“Where do you find your stories?” is probably the most common (and least welcome) question a writer is asked. It has been said that Shakespeare wrote about every story that ever existed, so that leaves it to the rest of us to come up with variants on his tales. Sometimes these spring from pure imagination, and sometimes they originate in life. And sometimes the best place to track down true life is in the pages of that disappearing dinosaur—the newspaper.
My novel Busted Flush is the story of a man, Dock Bass, who—while renovating an old farmhouse near Gettysburg, Pa—stumbles upon a motherlode of Abraham Lincoln-related artifacts. Bass is then inundated with offers for the stuff, the offers coming from collectors, hustlers, dealers and other assorted ne-er-do-wells. I first came up with the idea after hearing that Sotheby’s in New York auctioned off JFK’s golf clubs for the sum of $770,000. I started thinking about the world of collectibles—and about the desire of certain people to own things connected, however tenuously, to a historical figure or even a minor celebrity. I attempted to tailor the JFK story to the Canadian landscape but I found, alas, that nobody really cared about John Deifenbaker’s three wood. So I settled on Honest Abe.

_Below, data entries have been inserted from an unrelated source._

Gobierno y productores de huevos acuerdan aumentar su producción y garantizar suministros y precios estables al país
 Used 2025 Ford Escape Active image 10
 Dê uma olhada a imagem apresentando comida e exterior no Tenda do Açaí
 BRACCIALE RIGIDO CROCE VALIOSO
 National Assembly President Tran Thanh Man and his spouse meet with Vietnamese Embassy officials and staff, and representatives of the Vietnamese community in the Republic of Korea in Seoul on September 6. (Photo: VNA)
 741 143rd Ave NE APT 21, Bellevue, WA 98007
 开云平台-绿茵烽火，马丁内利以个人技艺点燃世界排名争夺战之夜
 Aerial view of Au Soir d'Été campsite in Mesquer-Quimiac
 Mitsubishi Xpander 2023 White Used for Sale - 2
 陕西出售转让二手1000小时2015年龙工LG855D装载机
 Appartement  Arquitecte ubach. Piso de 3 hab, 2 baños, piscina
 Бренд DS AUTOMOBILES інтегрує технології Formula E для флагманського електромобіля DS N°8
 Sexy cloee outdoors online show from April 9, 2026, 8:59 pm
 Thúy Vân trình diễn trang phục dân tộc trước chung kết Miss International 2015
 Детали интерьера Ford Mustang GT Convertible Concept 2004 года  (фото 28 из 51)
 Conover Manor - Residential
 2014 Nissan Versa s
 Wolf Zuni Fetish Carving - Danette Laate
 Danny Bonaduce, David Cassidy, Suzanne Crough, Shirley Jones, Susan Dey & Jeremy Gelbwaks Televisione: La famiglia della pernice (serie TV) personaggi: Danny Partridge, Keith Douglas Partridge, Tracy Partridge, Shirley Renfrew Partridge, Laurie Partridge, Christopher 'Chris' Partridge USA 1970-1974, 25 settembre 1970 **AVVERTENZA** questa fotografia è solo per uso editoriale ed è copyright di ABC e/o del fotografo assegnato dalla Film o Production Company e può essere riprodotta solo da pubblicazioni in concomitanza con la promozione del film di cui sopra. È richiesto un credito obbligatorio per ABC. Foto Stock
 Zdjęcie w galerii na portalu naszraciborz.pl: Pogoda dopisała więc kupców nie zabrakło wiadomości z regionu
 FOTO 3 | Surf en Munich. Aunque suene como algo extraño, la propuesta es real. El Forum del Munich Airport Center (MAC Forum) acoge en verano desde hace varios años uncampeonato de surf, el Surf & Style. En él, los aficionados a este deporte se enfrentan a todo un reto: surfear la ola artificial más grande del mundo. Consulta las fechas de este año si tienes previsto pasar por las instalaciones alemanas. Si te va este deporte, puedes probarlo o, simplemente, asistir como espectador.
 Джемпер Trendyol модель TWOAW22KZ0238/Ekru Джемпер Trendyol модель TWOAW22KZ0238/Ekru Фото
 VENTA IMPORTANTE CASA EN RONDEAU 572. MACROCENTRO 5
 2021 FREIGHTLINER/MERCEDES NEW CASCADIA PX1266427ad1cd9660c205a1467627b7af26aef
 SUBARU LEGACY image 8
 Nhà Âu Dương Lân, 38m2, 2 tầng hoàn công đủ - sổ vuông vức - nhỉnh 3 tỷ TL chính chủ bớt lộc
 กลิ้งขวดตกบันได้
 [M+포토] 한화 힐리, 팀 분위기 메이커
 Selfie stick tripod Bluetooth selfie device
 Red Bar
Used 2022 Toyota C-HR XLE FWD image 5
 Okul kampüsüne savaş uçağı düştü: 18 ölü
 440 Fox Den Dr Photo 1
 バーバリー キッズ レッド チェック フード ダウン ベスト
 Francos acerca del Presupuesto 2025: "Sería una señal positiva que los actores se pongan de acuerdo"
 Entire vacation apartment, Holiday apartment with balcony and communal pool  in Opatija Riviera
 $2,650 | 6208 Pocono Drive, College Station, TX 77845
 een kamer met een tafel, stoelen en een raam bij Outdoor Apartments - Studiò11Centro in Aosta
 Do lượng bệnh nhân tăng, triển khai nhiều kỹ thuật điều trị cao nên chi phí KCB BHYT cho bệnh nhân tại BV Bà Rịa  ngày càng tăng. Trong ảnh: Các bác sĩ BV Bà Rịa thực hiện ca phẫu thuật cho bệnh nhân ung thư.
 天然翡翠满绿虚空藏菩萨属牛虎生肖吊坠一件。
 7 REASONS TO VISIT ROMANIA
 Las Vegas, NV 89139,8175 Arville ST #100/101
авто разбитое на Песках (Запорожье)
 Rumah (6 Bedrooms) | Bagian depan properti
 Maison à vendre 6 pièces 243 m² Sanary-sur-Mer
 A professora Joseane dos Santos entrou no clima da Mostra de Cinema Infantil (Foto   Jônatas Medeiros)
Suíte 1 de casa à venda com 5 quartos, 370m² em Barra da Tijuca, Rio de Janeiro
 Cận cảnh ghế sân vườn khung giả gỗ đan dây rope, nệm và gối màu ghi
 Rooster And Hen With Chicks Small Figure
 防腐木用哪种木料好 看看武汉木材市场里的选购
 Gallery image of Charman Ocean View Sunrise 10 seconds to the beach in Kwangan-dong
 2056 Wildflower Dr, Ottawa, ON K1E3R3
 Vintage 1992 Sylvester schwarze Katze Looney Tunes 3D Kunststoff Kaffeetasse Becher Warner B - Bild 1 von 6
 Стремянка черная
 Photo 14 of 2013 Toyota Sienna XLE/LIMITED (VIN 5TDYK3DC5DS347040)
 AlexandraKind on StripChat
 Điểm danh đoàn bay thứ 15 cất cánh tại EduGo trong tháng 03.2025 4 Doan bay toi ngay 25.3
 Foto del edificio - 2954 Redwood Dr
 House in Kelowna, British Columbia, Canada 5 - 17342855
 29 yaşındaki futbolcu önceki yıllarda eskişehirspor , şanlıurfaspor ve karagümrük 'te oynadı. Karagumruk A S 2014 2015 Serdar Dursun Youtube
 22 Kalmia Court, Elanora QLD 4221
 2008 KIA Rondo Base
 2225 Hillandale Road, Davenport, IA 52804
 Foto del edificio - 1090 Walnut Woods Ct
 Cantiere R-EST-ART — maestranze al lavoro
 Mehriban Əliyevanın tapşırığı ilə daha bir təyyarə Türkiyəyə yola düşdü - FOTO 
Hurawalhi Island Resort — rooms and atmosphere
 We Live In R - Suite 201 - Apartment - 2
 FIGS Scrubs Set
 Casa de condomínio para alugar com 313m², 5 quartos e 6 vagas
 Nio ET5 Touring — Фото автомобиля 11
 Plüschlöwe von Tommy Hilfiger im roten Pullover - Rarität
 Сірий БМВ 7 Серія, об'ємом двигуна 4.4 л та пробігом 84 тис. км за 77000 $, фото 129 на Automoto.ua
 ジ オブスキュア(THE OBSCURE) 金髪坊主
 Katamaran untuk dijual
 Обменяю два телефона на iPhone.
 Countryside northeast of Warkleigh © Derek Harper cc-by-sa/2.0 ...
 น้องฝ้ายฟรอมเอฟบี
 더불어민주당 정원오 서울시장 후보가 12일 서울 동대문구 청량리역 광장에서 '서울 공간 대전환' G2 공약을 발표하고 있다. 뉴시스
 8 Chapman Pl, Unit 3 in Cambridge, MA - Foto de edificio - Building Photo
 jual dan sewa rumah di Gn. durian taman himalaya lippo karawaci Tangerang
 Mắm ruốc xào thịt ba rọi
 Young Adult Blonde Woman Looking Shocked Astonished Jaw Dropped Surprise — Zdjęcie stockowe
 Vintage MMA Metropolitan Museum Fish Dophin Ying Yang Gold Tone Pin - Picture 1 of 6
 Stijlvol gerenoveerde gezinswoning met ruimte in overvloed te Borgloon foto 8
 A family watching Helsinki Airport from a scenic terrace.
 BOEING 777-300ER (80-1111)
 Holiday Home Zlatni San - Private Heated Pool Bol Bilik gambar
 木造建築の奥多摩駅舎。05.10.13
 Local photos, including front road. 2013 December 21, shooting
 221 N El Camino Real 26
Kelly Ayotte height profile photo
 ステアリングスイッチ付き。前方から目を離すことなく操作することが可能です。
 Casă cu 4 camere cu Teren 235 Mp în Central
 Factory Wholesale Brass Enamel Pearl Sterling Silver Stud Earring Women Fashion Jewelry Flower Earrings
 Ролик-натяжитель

In Red Means Run, there is a famous record producer who is accused of killing a young woman, and—in a subplot—there’s an extremely wealthy thoroughbred horse owner in upstate New York who is charged with the abuse and starving of his own horses. Both of these stories were lifted from the newspaper.
Crow’s Landing begins on the Hudson River, where a luxury ChrisCraft boat is making a meandering trip toward Albany. By the end of the first chapter, the boat has been raided in the wee hours by the local cops. During the course of the raid, a steel cylinder containing something is tossed overboard. The steel cylinder becomes the McGuffin of the story.
(From the occasionally reliable folks at Wikipedia: “In fiction, a MacGuffin (sometimes McGuffin or maguffin) is a plot device in the form of some goal, desired object, or other motivator that the protagonist (and sometimes the antagonist) is willing to do and sacrifice almost anything to pursue.)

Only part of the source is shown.